Module for Effortless Redundancy and Loadbalancing In Naemon
https://itrs-group.github.io/monitor-merlin/
GNU General Public License v2.0
22 stars 14 forks source link

[Question] New peer unsynced #2

Closed oneingan closed 7 years ago

oneingan commented 8 years ago

Hi, finally I get working an automated load balanced naemon core with merlin. But I have a problem now (maybe is working as expected).

If I add a comment (or downtime) with two peers running, the comment spread all over the peers. But If I add a new third peer this one doesn't get the old information from other peers.

Is this expected? Maybe some option is needed to get in sync?

Thanks in advance.

pengi commented 8 years ago

It's a known issue, since the goal from the beginning was more or less just to distribute the check execution and notifications. But for most practical scenarios it should be possible to solve anyway. And it's possible to manually sync if something happens later too.

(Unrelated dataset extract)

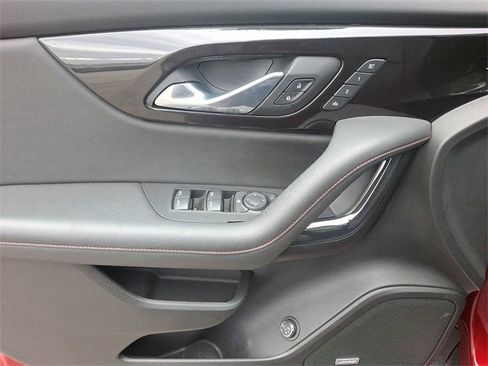 Used 2021 Chevrolet Blazer RS w/ Enhanced Convenience Package image 11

We usally recommend to use one peer as the "main" peer, to do all user interactions upon. However, it doesn't solve the downtime problem, and also for custom notiifications.

It should be possible to do is to copy the state retention file from an existing peer to the new peer while setting it up, to manually sync the initial data. See state_retention_file

For shorter outages later, the existing nodes keeps a log (binlog) of all messages that should have been sent to the different peers while they are offline, and then play those back when the peer connects, so missed events will be propagated anyway. For longer outages, when the binlog gets full, you can resync by copying the retention data manually.